Kevin Fairchild, Norcross, Ga.-based Kawneer’s product manager, adds, “We’ve been offering the systems for several years. I’ve personally just noticed an increase over the past couple of years and it seems to be climbing steadily.”
“I would say around the nation 90 percent of our projects on the exterior side are all unitized, pre-glazed projects,” says Brian Clark, vice president and division manager of Trainor Glass in Dallas.
He noted that some divisions have been doing unitized system for longer—notably, the Florida division, which focuses on hurricane-impact walls. Today these systems are being found across the country in a variety of building types as advantages for building owners and glazing contractors are being discovered. Kelly Portz, marketing director of Architectural Wall Systems Co. in West Des Moines, Iowa, says it’s because these systems have been around for years. “I think we are seeing the unitized system become more widely accepted simply because it’s been around for awhile and the industry has had more exposure to it and therefore feels comfortable using this approach.” Jon Sternchos, owner of Enterprise Architectural Sales Inc. in New York, says cost has helped promote interest in these systems. “In the past year-and-a-half or two years there was a push to value-engineer from a curtainwall to a window wall and because of market prices it swung the other way,” he says. Sternchos, who does a great deal of work in New York, notes that unitized systems are “being drawn prominently in a lot of these condos, especially in New York City.” However, these systems are moving from metropolitan high rises to applications across the country. “Unitized systems have always been the wall of choice for the world’s high-rise buildings because on a large scale the costs are less,” Portz says. “Today unitized systems are competitive on three-story buildings and up.”
“Once limited to major metropolitan markets as a labor cost-cutting strategy, unitized curtainwalls are finding broader application across the United States, as glazing contractors and design professionals get more familiar with performance and logistical benefits,” says Steve Fronek, vice president of Wausau Window and Wall Systems in Wausau, Wis. “New thermal barrier unitized framing systems, used in conjunction with high-performance, low-E insulating glass, sunshades and light shelves, can be designed to meet stringent energy codes and sustainable design goals in all climate zones.”

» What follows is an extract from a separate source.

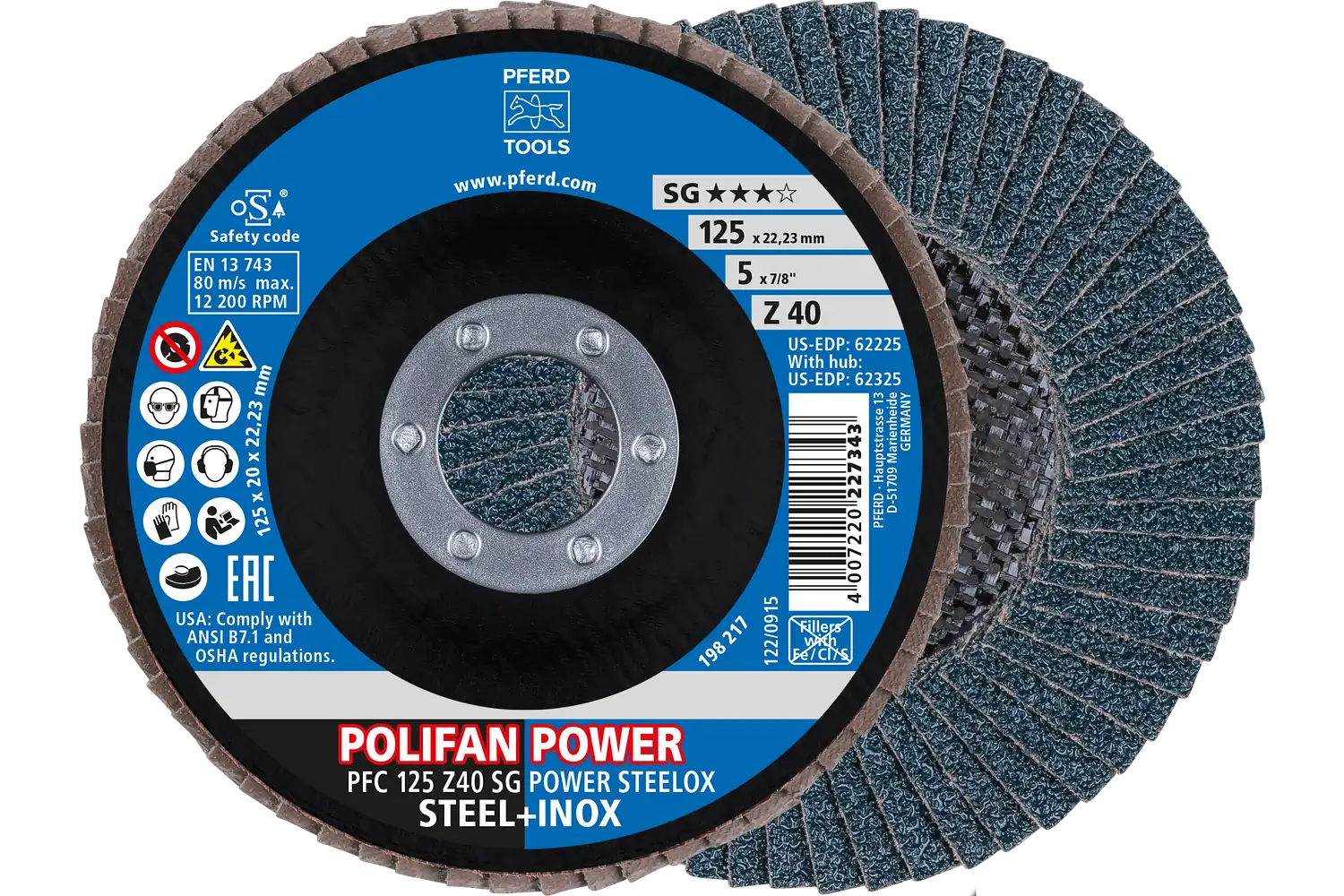 Disc lamelar frontal (POLIFAN) PFC 125 Z40 SG POWER STEELOX (2)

For different reasons, the architectural community and glazing contractors are gaining interest in these systems. Brian Harrington, director of sales and marketing of Architectural Glazing Technologies (AGT) in Waterboro, Maine, says, “There is a lot of interest in what unitized curtainwall is all about and I think a lot of people, from architects through glazing contractors, are looking to understand where unitized curtainwall makes sense and what the options are—how do you size it based on performance requirements, based on geography, windload and whatever. There is a lot of interest in the product and in learning how to design a building with it.”

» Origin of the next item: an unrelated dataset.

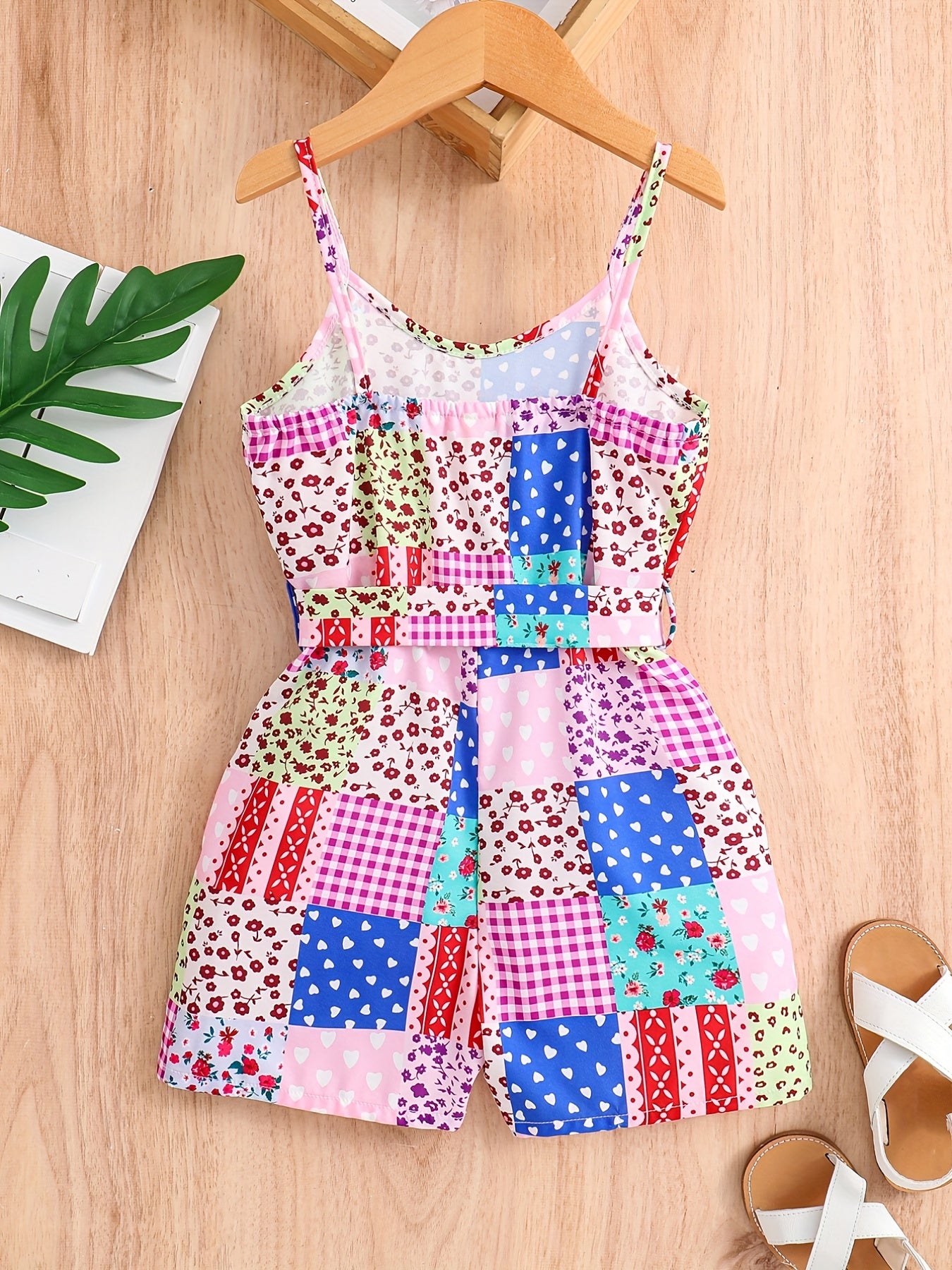 Girls Floral Print Sleeveless Romper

“It’s really the design that’s pushing [unitized systems],” says Sternchos. “The architects, with the impetus of the ownership.” He adds that unitized systems can provide the open vistas so desired by architects. “If it’s a rental building you wouldn’t use a curtainwall just because of the costs associated with it,” says Sternchos. “If it’s a condo and you’re getting higher prices … people want full-glass looks.”
However, glazing contractors are also steering projects toward unitized systems. “Sometimes it comes through design in one way and the glazing contractor will say, ‘Hey we think it would better in this application to use a unitized product,’” Harrington says. “It has so many benefits for the glazing contractor, in terms of reducing the amount of time and associated labor that it makes a lot of sense for them too.” “Right on the front end there can be a lot of influence or a preexisting bias by the architect or owner or the curtainwall consultant, so that may drive the glazing contractor to say, ‘Because of the way the specification is written we need to use a unitized system on this job,’” Long says. He adds, “The glazing contractor still has a huge influence on whether it’s stick-built or unitized.”
Steve Fronek, vice president of Wausau Window and Wall Systems in Wausau, Wis., adds, “[They] can be designed to accommodate substantial building dynamic movement without putting undue stress on glass lites.”
He explains that the unitized curtainwall’s panelized frames usually span vertically, from floor-to-floor, which helps to accommodate dynamic movements without placing additional stress on glass, sealants or other infills. “Depending on how you frame it, it can be a benefit in wind loading …” Mike Maguire, senior designer for Architectural Glazing Technologies (AGT) in Waterboro, Maine, adds.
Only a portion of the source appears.